SOURCE DATA
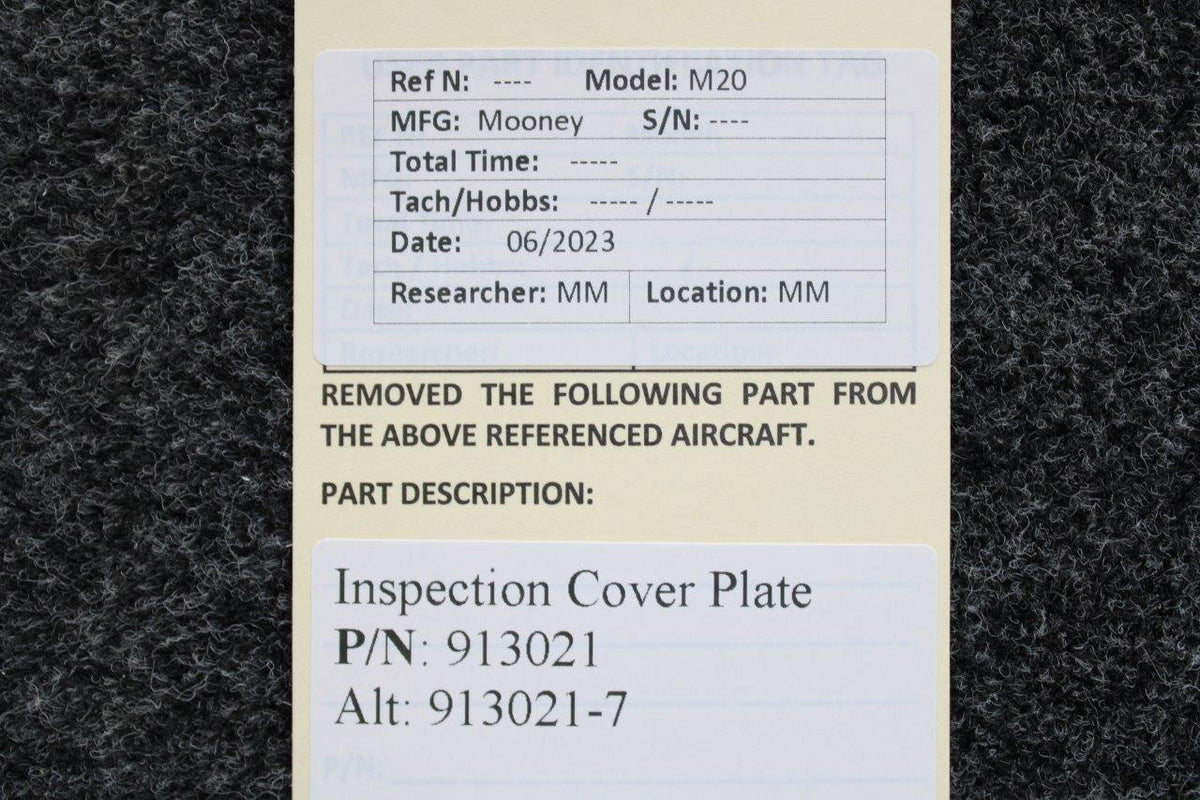 Mooney Aircraft Parts & Accessories 913021 (Alt: 913021-7) Mooney M20 Inspection Cover Plate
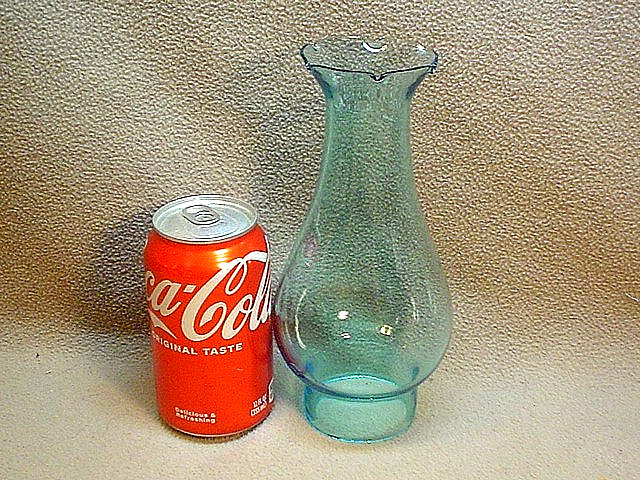 ANTIQUE/VTG GREEN OIL LAMP CHIMNEY 8-1/4\'\' TALL~2-3/8\'\' FITTER~FACTORY FLAWS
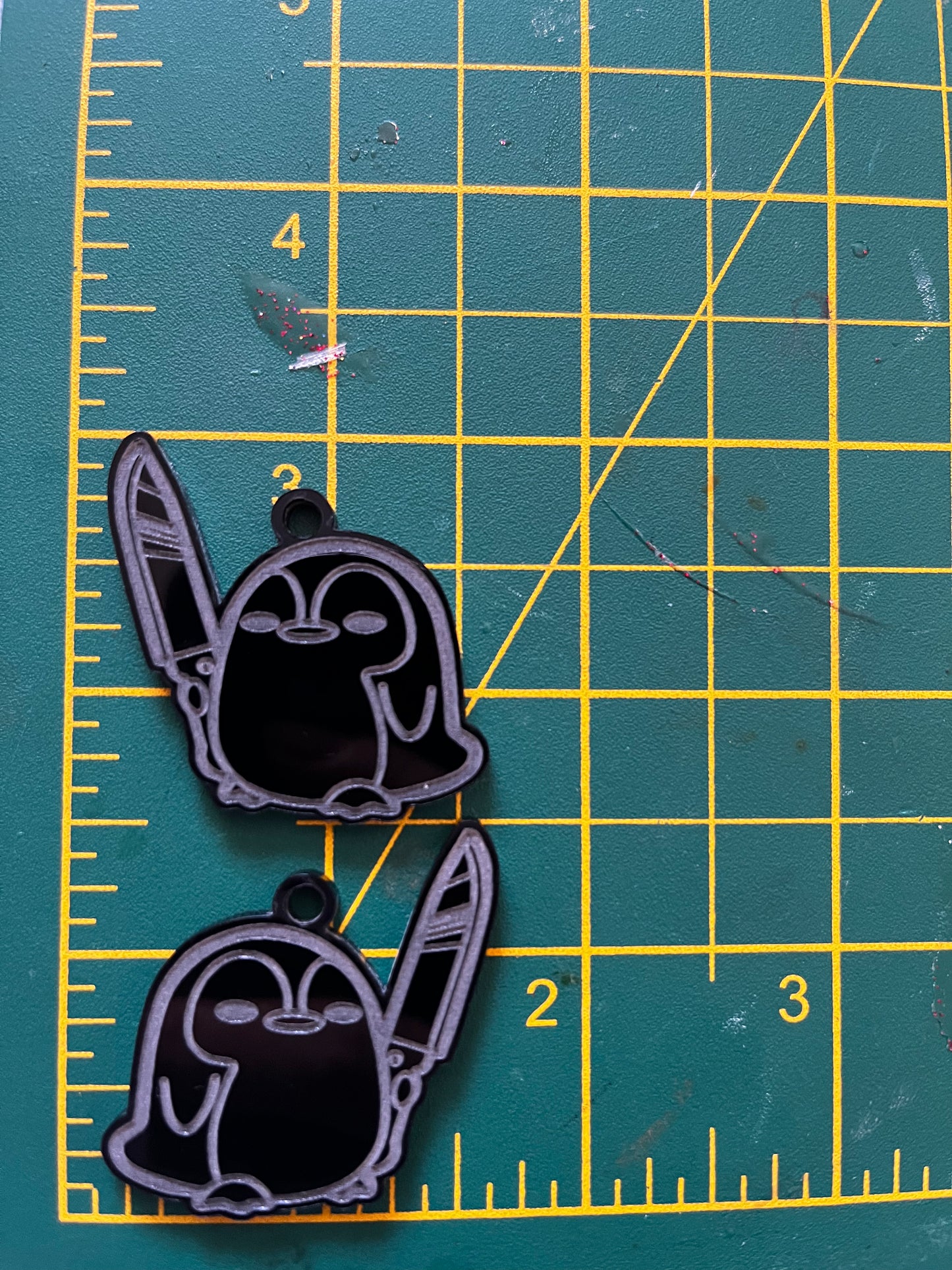 1.5” Stabby Penguin Earrings Silicone Mould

ASSIGNMENT
Having located the line with "ANTIQUE/VTG GREEN OIL", copy it exactly along with every later line through the end of the listing above, but omit the pictures.

SOLUTION FOR THIS TASK
 ANTIQUE/VTG GREEN OIL LAMP CHIMNEY 8-1/4\'\' TALL~2-3/8\'\' FITTER~FACTORY FLAWS
 1.5” Stabby Penguin Earrings Silicone Mould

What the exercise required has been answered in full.